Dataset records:
====

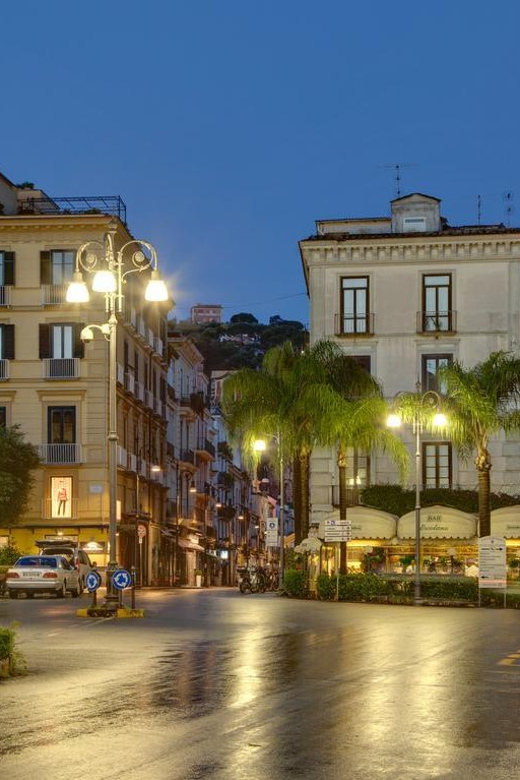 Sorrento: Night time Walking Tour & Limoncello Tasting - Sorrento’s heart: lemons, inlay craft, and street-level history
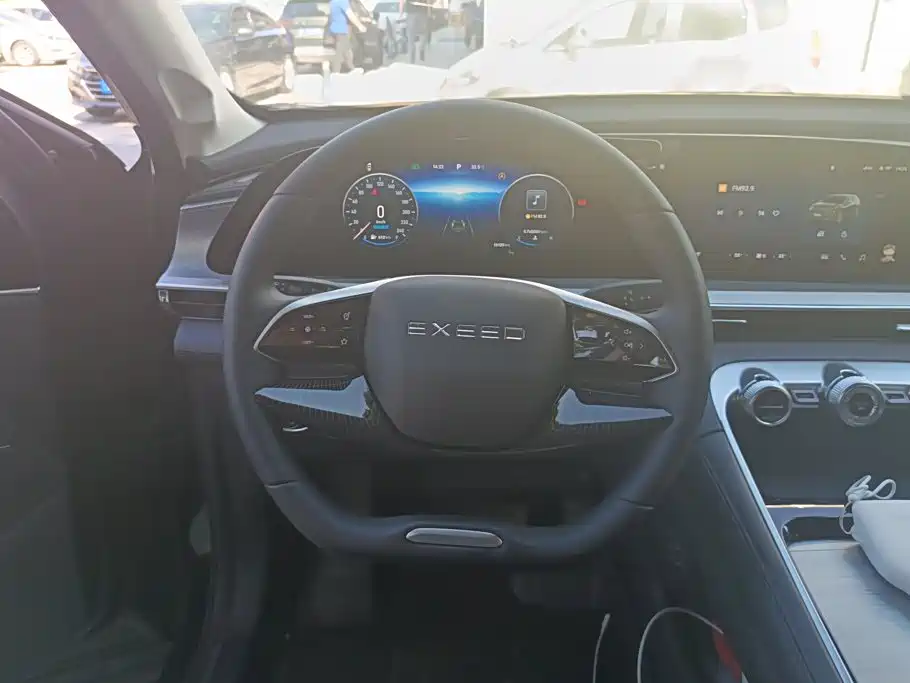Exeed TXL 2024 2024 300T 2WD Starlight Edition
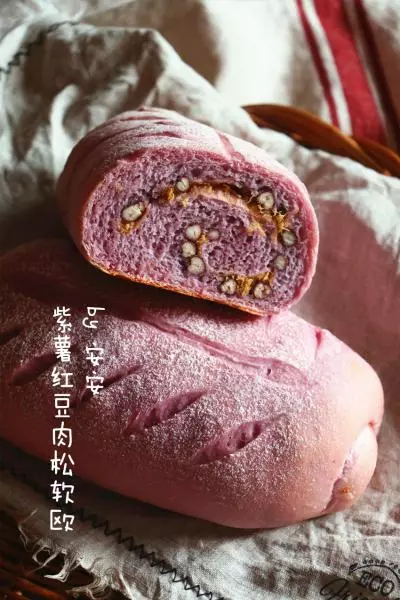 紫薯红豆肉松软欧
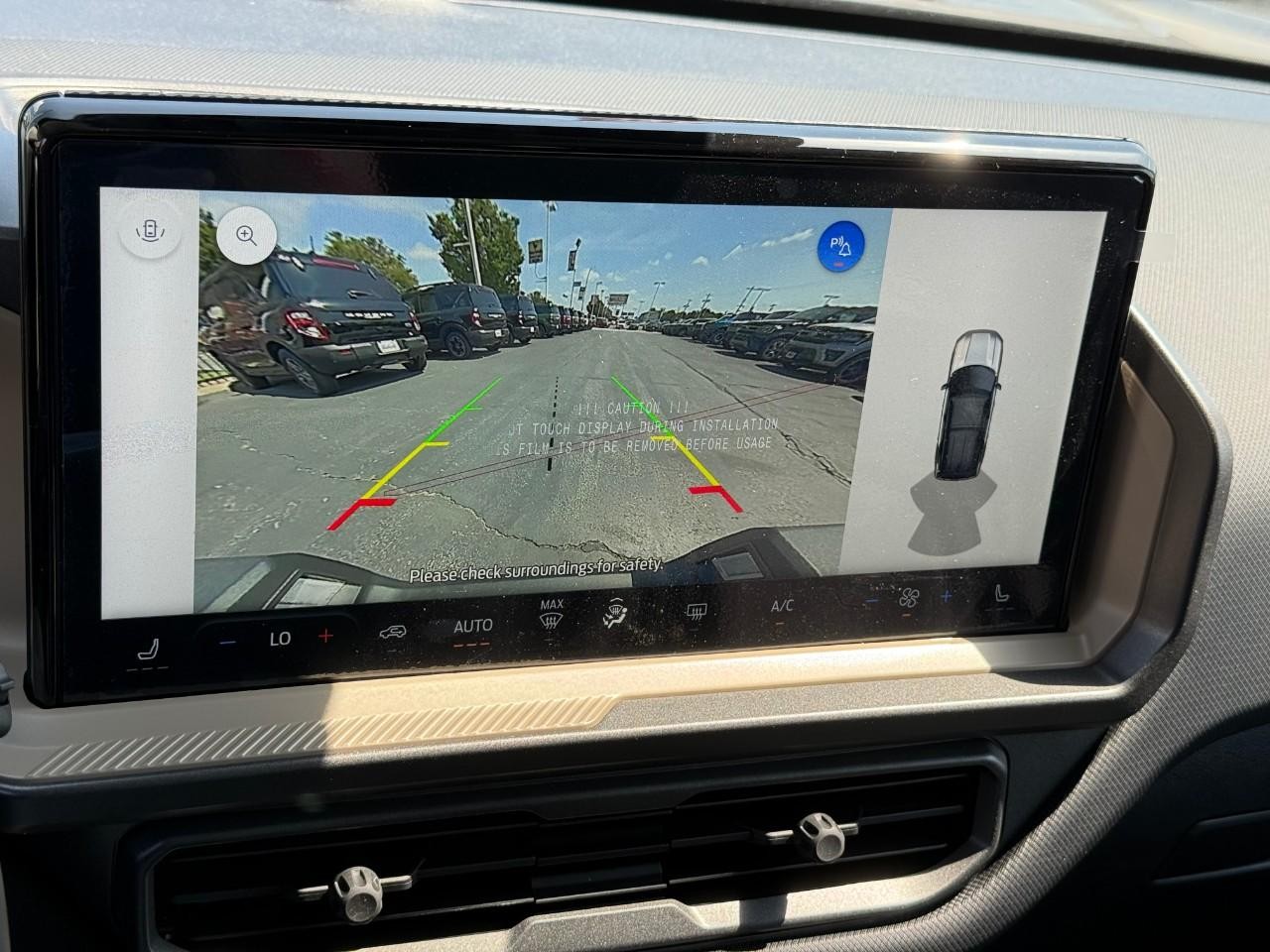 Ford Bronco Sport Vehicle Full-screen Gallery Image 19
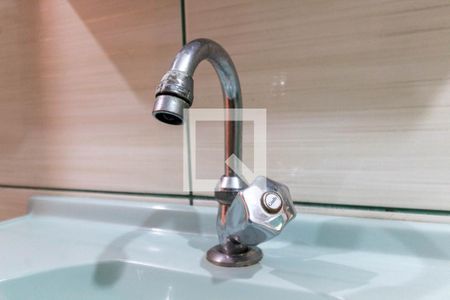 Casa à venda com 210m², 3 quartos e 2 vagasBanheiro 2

====

Would you please write out the entries in full, exactly as they read, but without pictures?

OUTPUT OF THE EXERCISE:
 Sorrento: Night time Walking Tour & Limoncello Tasting - Sorrento’s heart: lemons, inlay craft, and street-level history
Exeed TXL 2024 2024 300T 2WD Starlight Edition
 紫薯红豆肉松软欧
 Ford Bronco Sport Vehicle Full-screen Gallery Image 19
 Casa à venda com 210m², 3 quartos e 2 vagasBanheiro 2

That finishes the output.